RMIT University
School of Science [Computer Science and Information Technology]
COSC2407 – Database Systems
Assignment #2: Design and implement variation on the index component
component of Derby
Due: 11.59pm on Thursday 25 May 2017
Marks: This individual assignment is worth 30% of your overall mark
Introduction
This assignment builds on assignment 1 using the same open data from the City of Melbourne
about pedestrian traffic in the Melbourne CBD as described at the following website:
https://data.melbourne.vic.gov.au/Transport-Movement/
Pedestrian-volume-updated-monthly-/b2ak-trbp.
Experiment 1: With and without using a secondary index
In this part of the assignment, using the Derby database you built as part of assignment 1 (or a
variation of it), add a secondary index on one (or more) fields in the database. Design ten new
queries (different from the queries used in assignment 1), five of these queries should be queries
that use the secondary index and five should be queries that do not use the secondary index.
Running the queries multiple times (similar to assignment 1) on two versions of the database
(before and after adding the secondary index), and compare the performance of the database.
Experiment 2: B+-tree versus B-Tree
A B+-tree is a variant of the original B-tree, and in this part of the assignment you will explore
the relative performance of the B+-tree (as implemented in Derby) with the original B-tree.
As explained in Wikipedia “A B+-tree can be viewed as a B-tree in which each node contains
only keys (not keyvalue pairs), and to which an additional level is added at the bottom with
linked leaves.” To compare with the original B-tree you will need to make a variant of Derby
that changes the btree implementation from a B+-tree to a B-tree by including key-value pairs
(instead of just keys) in every node, not just leaf nodes.
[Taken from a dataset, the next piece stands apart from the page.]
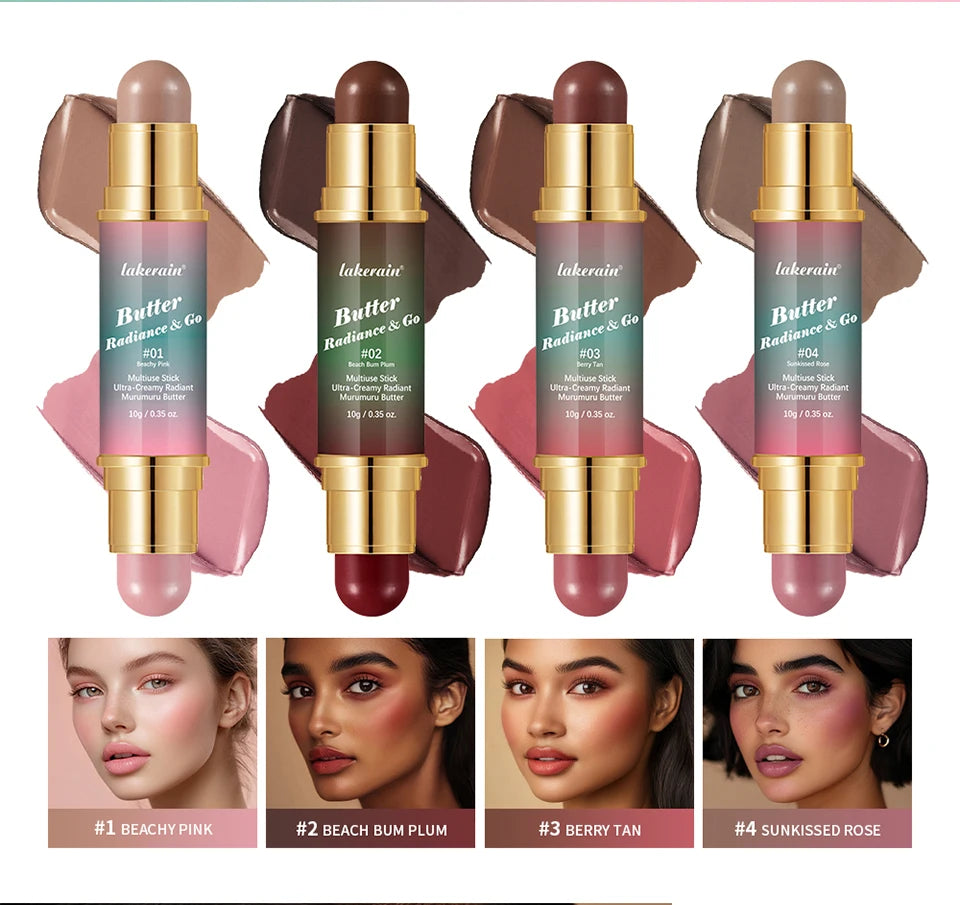Butter Glow & Go Multiuse Stick Double-Headed Bronzer Blush Stick for Cheeks Contours Light Glossy Bronze&Pink Blusher Cosmetics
This will require you to rebuild your
database (or at least the indexes), so you may want to complete part 1 before modifying Derby. It
is recommended that you make as few changes as possible to the code to implement this change.
Repeat the comparison from experiment 1 on your new version of Derby that implements a
B-tree instead of a B+-tree, and compare the difference in the results.
1General Requirements
This section contains information about the general requirements that your assignment must
meet. Please read all requirements carefully before you start.
• The “Database Systems” blackboard contains further announcements and a list of frequently asked questions. You are expected to check the discussion board on daily basis.
Login through http://my.rmit.edu.au.
• Your database and Java programs must be set up and run on your AWS linux machine
using the same data as in assignment 1.
• As some tasks require timing you should use the same AWS linux machine for all tasks.
• You must implement your program changes in Java. Your program changes must be well
written, using good coding style and including appropriate use of comments (that clearly
identify the changes you are making to the code). Your markers will look at your source
code. Coding style will form part of the assessment of this assignment.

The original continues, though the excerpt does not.